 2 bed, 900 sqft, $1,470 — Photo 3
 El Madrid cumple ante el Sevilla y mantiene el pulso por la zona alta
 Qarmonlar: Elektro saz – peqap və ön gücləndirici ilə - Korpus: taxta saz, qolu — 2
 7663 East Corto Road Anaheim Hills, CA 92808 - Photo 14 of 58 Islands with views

==

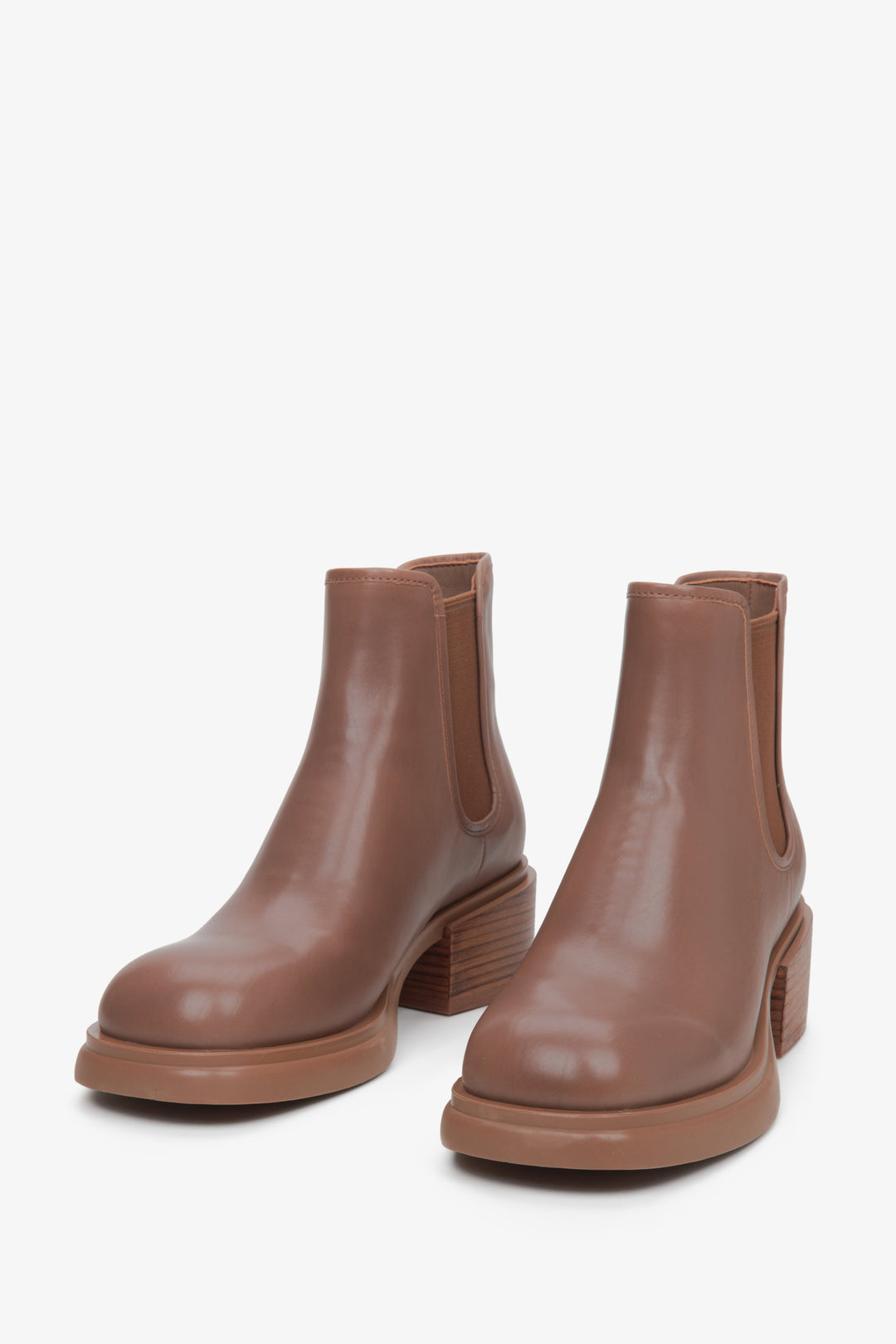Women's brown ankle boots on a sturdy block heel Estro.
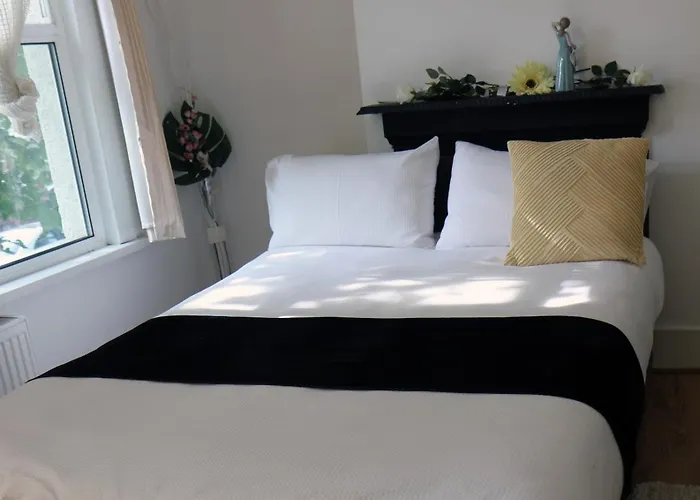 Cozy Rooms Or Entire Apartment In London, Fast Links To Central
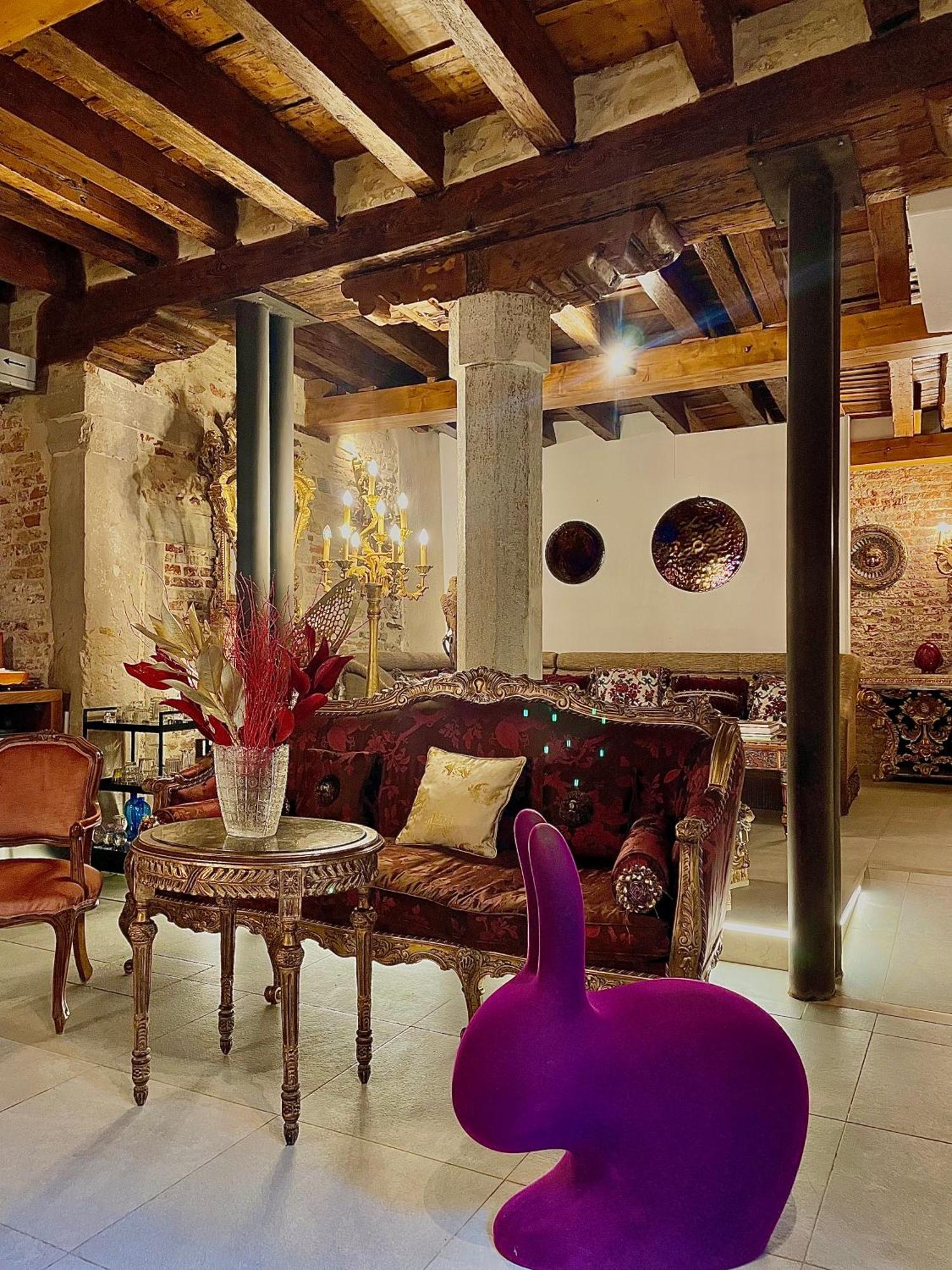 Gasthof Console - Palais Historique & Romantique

## Your instructions
From the records above, copy exactly the stretch from the line holding "Women's brown ankle" through the line holding "Gasthof Console - Palais", both ends included, without the pictures.

## Completed exercise
Women's brown ankle boots on a sturdy block heel Estro.
 Cozy Rooms Or Entire Apartment In London, Fast Links To Central
 Gasthof Console - Palais Historique & Romantique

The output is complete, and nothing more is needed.